COLLECTED DATA.
------------------------------------

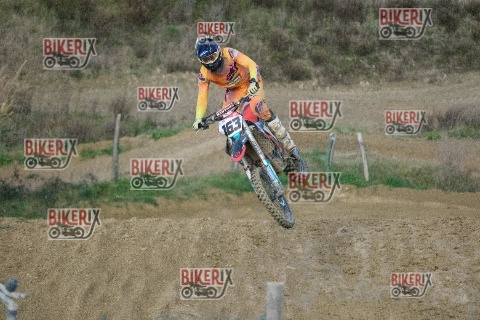 Malandrone 03-01-26 h12-44 0164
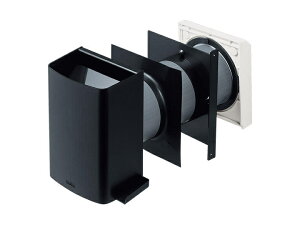 NASTAiiX^j@CZbgiYtB^[EAtB^[tj@GAgII@KS-V40PS2-BK@ubN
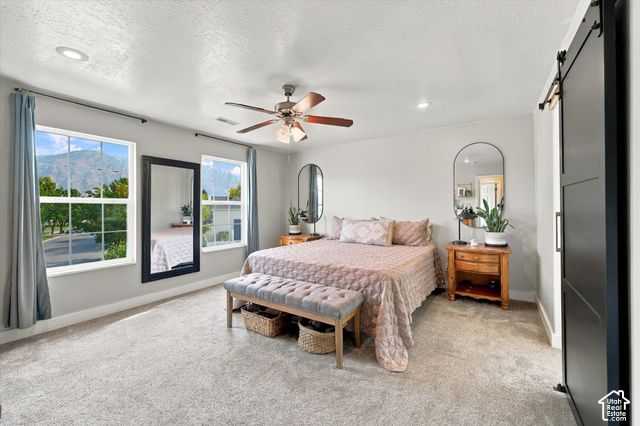 468 S 1850 W, Provo, UT 84601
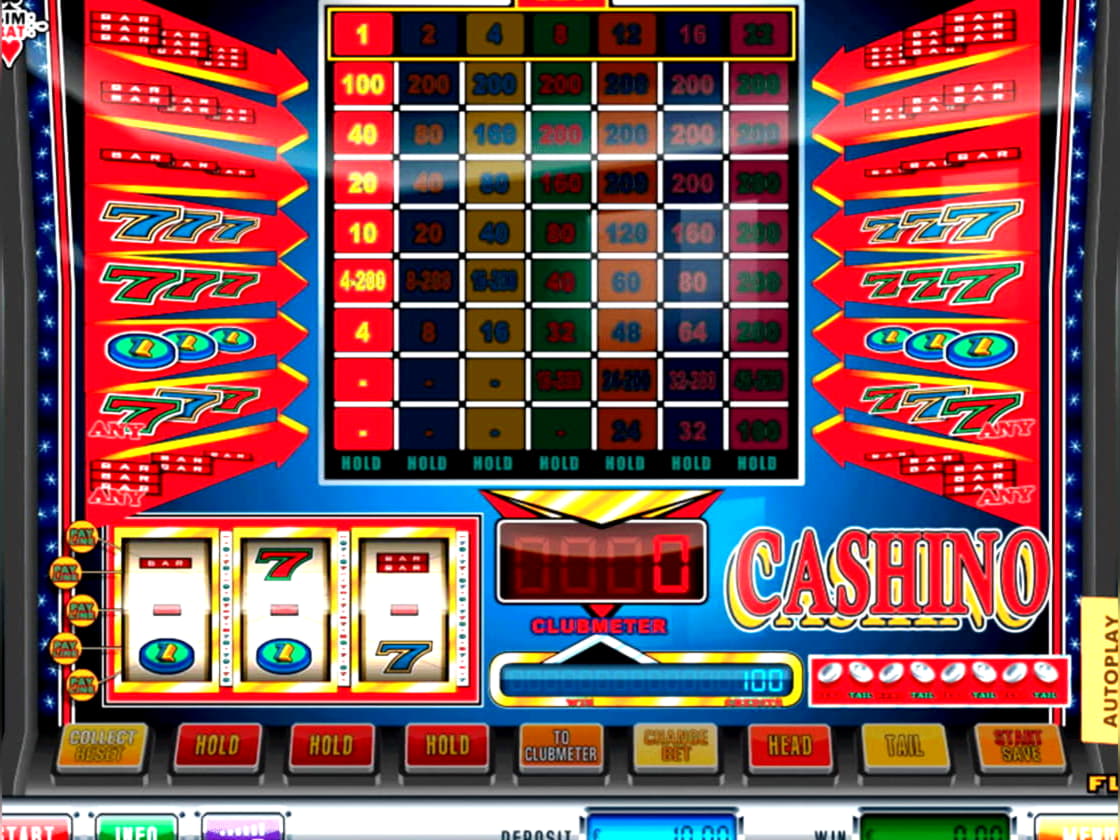 EURO 3720 no deposit bonus code at Slots Million Casino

------------------------------------

TASK BRIEF.
If a line holds a picture, skip the picture and transcribe the rest of the material exactly.

ANSWER SECTION.
 Malandrone 03-01-26 h12-44 0164
 NASTAiiX^j@CZbgiYtB^[EAtB^[tj@GAgII@KS-V40PS2-BK@ubN
 468 S 1850 W, Provo, UT 84601
 EURO 3720 no deposit bonus code at Slots Million Casino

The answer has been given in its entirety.